Ao definir como metodologia, para além de análise dos aspectos quantitativos e características das centenas de exemplares, foi essencial conhecer a origem social dos ofertantes dos “quadrinhos pintados” e também a geografia do culto de uma Nossa Senhora que tão extraordinários milagres realizava. No final de dois anos constatou-se que o culto exclusivamente rural abrangia um território muito delimitado, pela visita e observação de outros santuários da região do sul de Portugal, saltaram da “arca patrimonial” mais de setenta cultos idênticos, cada um com a sua Virgem protectora e milagreira.
A religiosidade popular é um manancial de informações sobre as identidades, de afirmação dos lugares especiais habitados por forças sobrenaturais capazes de operar curas e salvamentos, sítios ermos e periféricos carregados de mistérios, onde quase sempre existe uma capela de peregrinação, isolada mas não muito distante da povoação, cuja construção é também rodeada de algum acontecimento extraordinário.
Cada terra foi abençoada e distinguida por um gesto divino, por isso os seus filhos partilham também de características e protecções especiais. É a valorização do local.
Quando no século XIX cresceram os centros urbanos e se constituíram as ciências socais, a monografia da terra surgiu como um “atestado” contra o anonimato e a escassa visibilidade das localidades, por outro lado de valorização dos recursos naturais e da história local.
O Algarve teve estudiosos de primeira grandeza, duas descrições importantes separadas por três séculos são as “Corografia do Reino do Algarve”, de Frei João de São José, editada em 1577, e a de João Batista da Silva Lopes em 1841. A grande transformação ocorreu ainda no século XIX pelo uso de metodologias científicas como o trabalho de campo, pela análise comparativa de dados, a reflexão multidisciplinar que trouxe novos horizontes e aprofundados conhecimentos.

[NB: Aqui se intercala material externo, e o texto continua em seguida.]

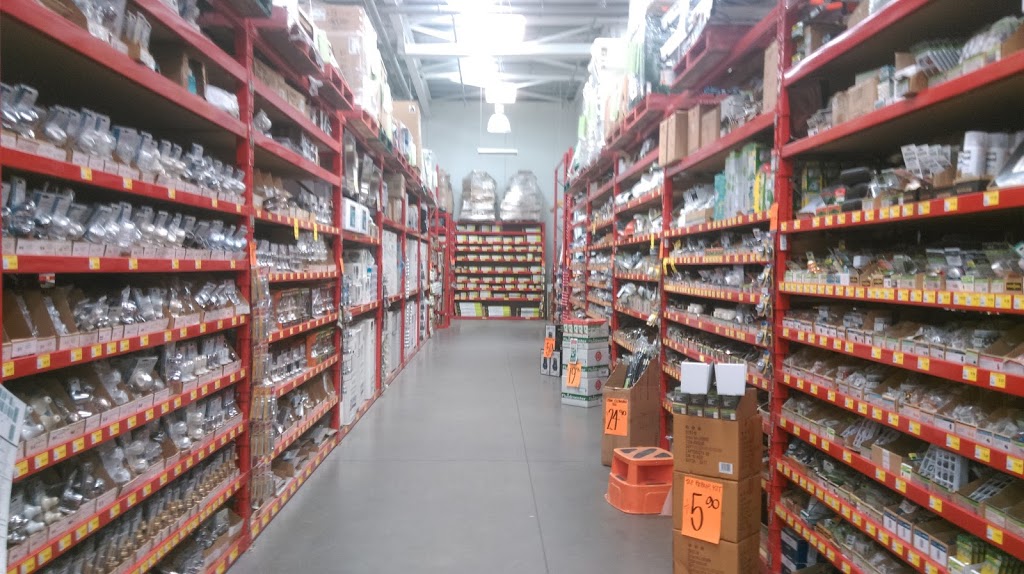 Bunnings Geelong North | hardware store | 5-19 Princes Hwy, Norlane VIC 3214, Australia | 0352403300 OR +61 3 5240 3300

Ataíde de Oliveira (1842-1915), natural de Algoz, deixou-nos dezenas de obras que cobrem temáticas que vão da tradição das mouras encantadas a observações monográficas sobre muitas localidades algarvias como Loulé, Paderne, Estômbar, Olhão, Luz de Tavira, Porches, Vila Real de Santo António…
No século XX, Leite de Vasconcellos (1858-1941) emergiu como figura pioneira da etnografia científica portuguesa, como Orlando Ribeiro o foi no âmbito da Geografia Humana. Manuel Viegas Guerreiro (1912 – 1997), algarvio natural de Querença, teve também um papel muito importante na afirmação da Etnologia Portuguesa, na reabilitação da obra de Leite de Vasconcellos, desenvolveu trabalhos numa perspectiva universalista sem nunca se afastar da região e do local.
Este é um tema de primordial importância no desenho das políticas públicas para a cultura que, no caso português, pela presença da língua e patrimónios por todo o mundo não podem ser diluídas nos macro programas concebidos e financiados pela União Europeia, particularmente voltados para as indústrias culturais, onde impera o digital-produto, consumismos e públicos.
Vivemos tempos em que a herança cultural tende a ser pouco conhecida e valorizada, no frenesim da “inovação”, da “criatividade” e da “criação de novos públicos” consumidores, o património e a cultura nos discursos habituais são pouco mais que mercadoria cuja função será atrair milhares de visitantes, promovendo as vendas da “fileira”, alojamentos, restauração, imobiliário, modelos homologados e padronizados dos não-lugares globalizados.
As civilizações mediterrânicas que nos deram origem, legaram ricos e vastos patrimónios que permitem a Portugal dispor de singularidades, uma língua, monumentos e artes, centros históricos, diversidade paisagística e de habitação, hortas e pomares, cozinha e variedades culinárias, festividades, mercados, convívio comunitário e partilha, em suma qualidade de vida.
A inclusão das pessoas, o conhecimento e respeito pelas culturas, a valorização das regiões e do local são condições essenciais de uma verdadeira democratização, de equilíbrio social e qualidade do desenvolvimento humano.